Em 2012, o escritor argelino Boualem Sansal publicou um artigo no site Qantara-Deutsche Welle, cujo eixo central consistia no debate sobre os possíveis desdobramentos da Primavera Árabe, em particular, a queda de governos vigentes e sua substituição por  “democracias”. Sansal foi categórico em sua previsão: a preponderância do islamismo, além de perigosa, parece incoerente, já que as multidões que foram às ruas pediam o exercício da soberania pelo povo, um elemento que não poderia fazer parte das medidas adotadas por partidos extremistas, considerando suas prédicas. E o vaticínio do escritor chega ao âmbito econômico, social e político: o setor informal seria estimulado, a situação de cristãos e intelectuais, assim como as relações internacionais, estaria marcada pela violência, e, finalmente, a identidade muçulmana radical se colocaria no centro das agendas políticas, sufocando qualquer outra ideologia.

Hoje, em 2014, recentes notícias parecem dar razão às ideias de Boualem Sansal: militantes do braço da Al-Qaeda do Iraque (o grupo ISIL, ou Islamic State of Iraq and the Levant) têm cometido atrocidades como decapitações e até canibalismo contra os defensores do governo de Bashar al-Assad na Síria. Do mesmo modo, praticantes de outras religiões, especialmente cristãos, bem como médicos e profissionais da saúde têm sido alvos constantes das ações da Jabhat Al-Nusra, outra afiliada da Al-Qaeda. Nesse cenário, o desejo de expulsar Bashar al-Assad do poder na Síria, contando com o apoio de grupos fundamentalistas islâmicos, parece sair de nossa compreensão, pois a incongruência torna-se flagrante.

Contudo, para atingir o cerne da questão e assimilar a problemática subjacente aos movimentos extremistas no contexto da Primavera Árabe e dos conflitos que se estendem até o presente, é necessário realizar uma análise detalhada do islamismo, um fenômeno multifacetado, dinâmico e, portanto, muito distante do imaginário ocidental, que o concebe como algo monolítico, unificado. A partir desse olhar abrangente, a possibilidade de apreender o motivo da influência do islamismo sobre opositores do governo e civis não islamistas deixa de ser uma proposta alijada e inviável.

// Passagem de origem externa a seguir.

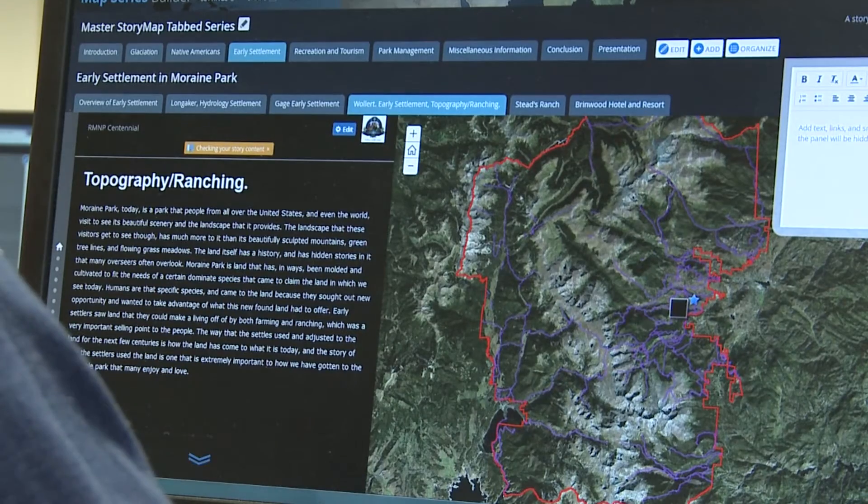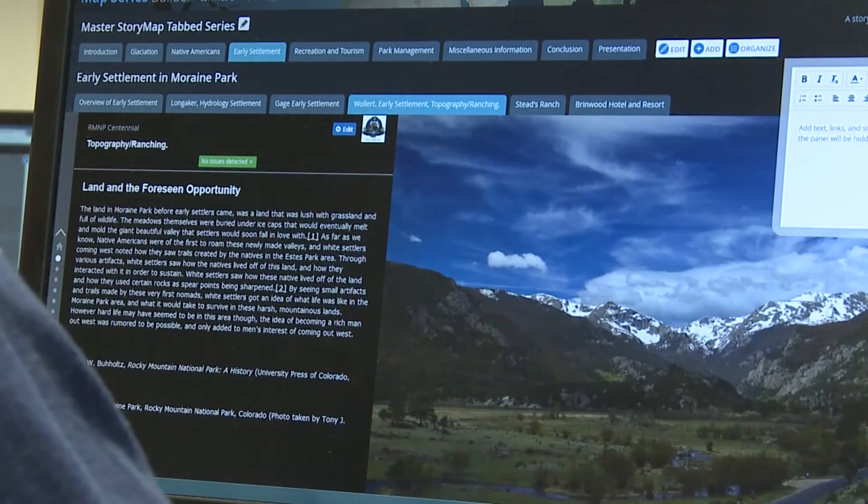This class is letting us build story maps that will be used at Rocky Mountain National Park for the public to interact and to learn more about the history of the park.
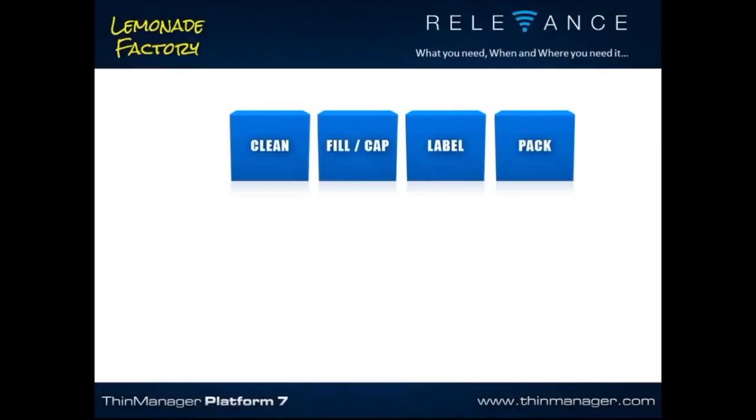To understand how this looks, let's build a lemonade factory. We're going to make just yellow lemonade, and our factory has four zones: cleaning, filling and capping, labeling, and packing. You clean bottles, fill them, cap them, label them, and pack them. These four zones are where we do our business.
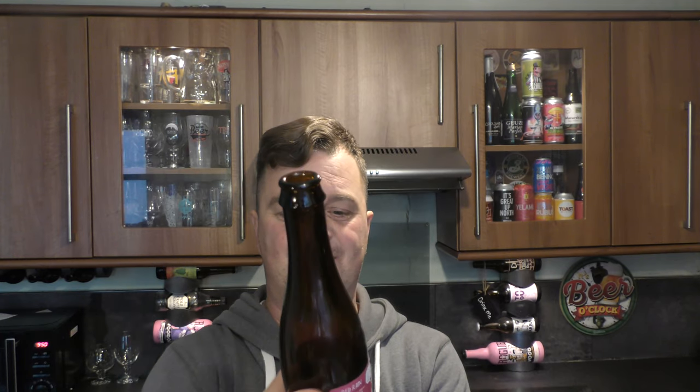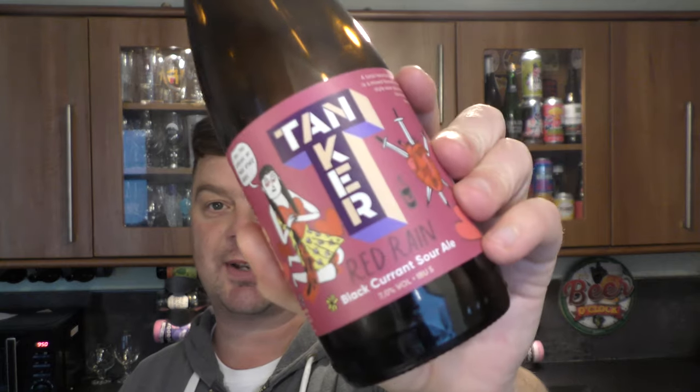I'm going to rate the beer as I always do. Tanker Brewery, Estonia — thanks for sending me the beer. This is tremendous, just an absolutely sensational beer. Producer: Tanker Brewery. Blackcurrant Sour Ale, 5 IBU, 7% ABV. For me, that's a 10 out of 10 — that's a standout beer.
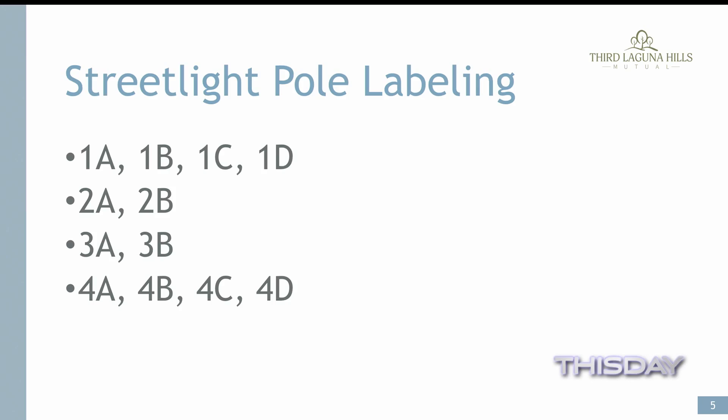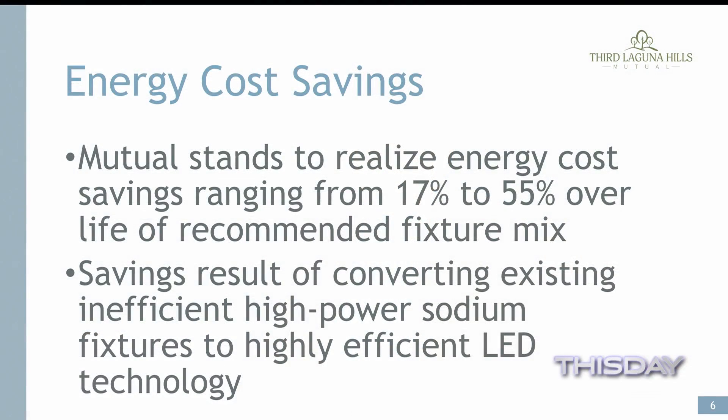Here's the potential energy cost savings once these all get in, and it's quite significant. The mutual stands to realize energy cost savings ranging from 17% to 55% over the life of the recommended fixture mix. The savings result from converting existing inefficient high-power sodium fixtures to high-efficiency LED technology — quite a difference. One of these LED panel lights probably takes the energy of maybe one or two of what we used to have.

A ONG International Crisis Group realizou em 2005 um mapeamento pormenorizado das características e objetivos dos principais grupos extremistas, e, embora a data de publicação do relatório não seja muito recente, este trabalho ainda é pertinente e até mesmo atual, já que o perfil de tais grupos pouco mudou. O artigo da ICG, num esforço para afastar visões simplistas ou palpites generalistas, propõe que nosso ponto de partida para o estudo do tema seja a discussão de um problema terminológico: o uso dos termos islã e islamismo, frequentemente equívoco. Islã é a fé que move mais de um bilhão de adeptos que seguem as crenças e práticas estabelecidas pelo Profeta Maomé. O islamismo é sua face política e ideológica, que envolve diversos setores da sociedade e coloca em xeque os valores sociais vigentes, não raramente de forma violenta. O uso dos termos não é recente, mas a diferenciação clara entre eles se deu com a Revolução Iraniana de 1979, época em que o vocábulo “fundamentalismo” também ganhou o espaço sociolinguístico. Como consequência, o uso errôneo dos termos “islã”, “islamismo” e “fundamentalismo” repete-se de forma quase constante, agravando o preconceito contra os praticantes da religião e incorporando em uma só figura o crente islâmico e o islamista.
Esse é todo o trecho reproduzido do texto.